Body & Fitness Calculators: Free Tools for Weight, Metabolism, and Body Composition
Guessing your calorie needs or "ideal" weight rarely works. The eight free calculators below use established formulas — the same ones used in clinical and fitness settings — to turn your height, weight, age, and activity level into numbers you can actually act on.
This page is a quick guide to what each Body & Fitness calculator does and when to use it, whether you're just starting a fitness routine, tracking progress, or trying to understand a health metric a doctor or trainer mentioned.
Why Use a Calculator Instead of a Rule of Thumb?
Generic advice like "eat less, move more" doesn't tell you how much less or how much more. These calculators apply peer-reviewed formulas — Mifflin-St Jeor for metabolic rate, the Devine formula for ideal weight, standard BMI classification, and so on — to your specific numbers, so you get a personalized starting point instead of a guess.
They're not a substitute for medical advice, but they're a fast, free way to understand where you stand before making changes to diet or training.
What Each Calculator Does
BMI Calculator
Body Mass Index is the quickest general screening tool for weight status — it compares your weight to your height to flag whether you fall in the underweight, normal, overweight, or obese range.

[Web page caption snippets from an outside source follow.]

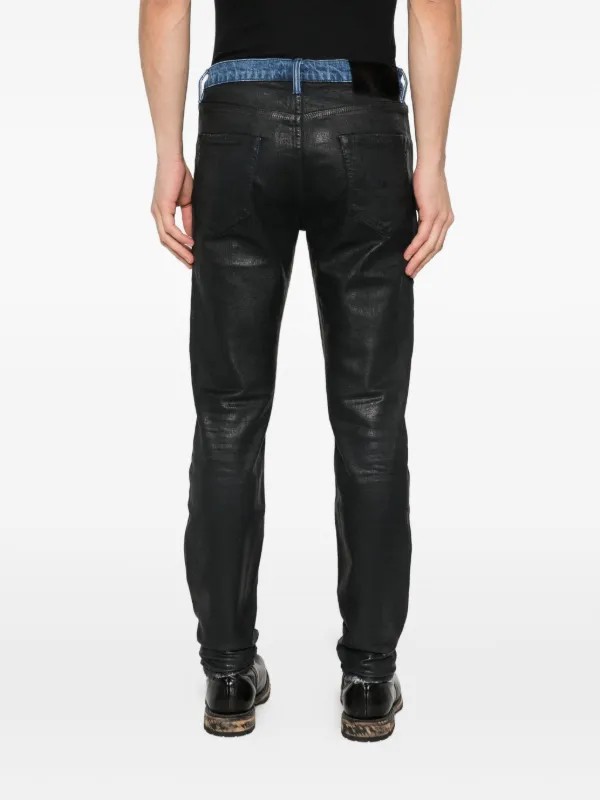 Purple Brand P001 Coated Skinny Jeans | Black | FARFETCH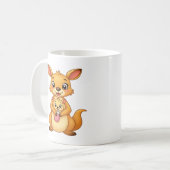 Surprised Kangaroo and Her Baby - Double-Sided Mug Koffiemok (Voorkant links)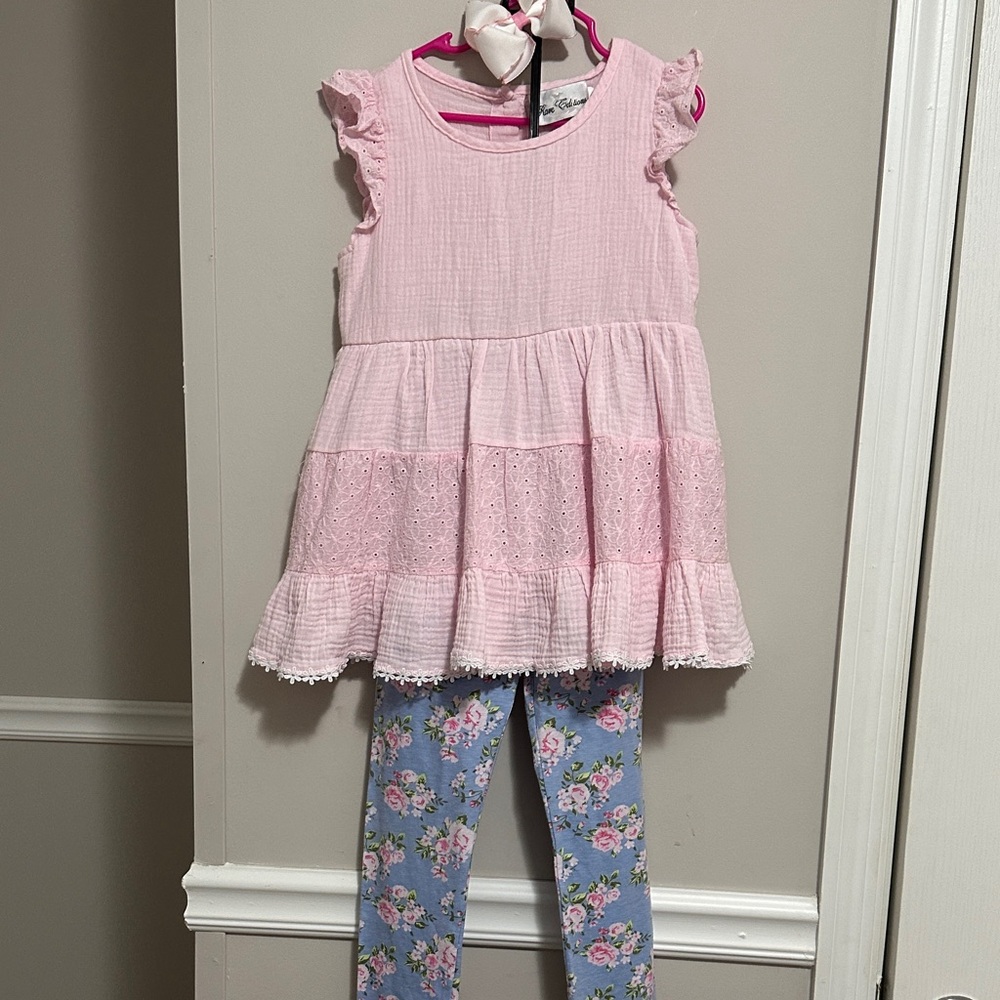NWOT Rare Editions Pink and Blue Floral Kids Matching Set SZ 6x
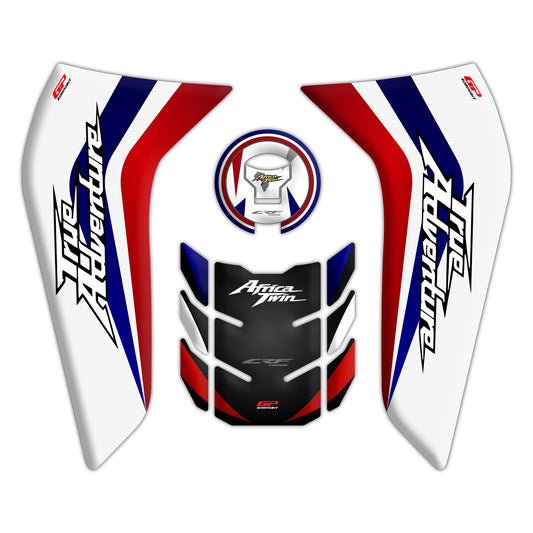 Tank Pad Set White Compatibile per Honda Africa Twin CRF1100L L1 - GP Kompozit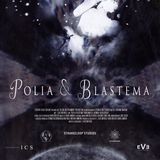 Film poster for Polia & Blastema, depicting two cosmic beings in an embrace, floating above the sun justified along the bottom margine with the firmament in the background and the film's title center-justified.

It doesn't separate muscle from fat, so it works best as a starting point rather than a final verdict, especially for athletes or very muscular people.
BMR Calculator
Basal Metabolic Rate is the number of calories your body burns just to stay alive at complete rest. It's the foundation every calorie or diet plan is built on — using the Mifflin-St Jeor equation, it tells you your baseline before activity is added.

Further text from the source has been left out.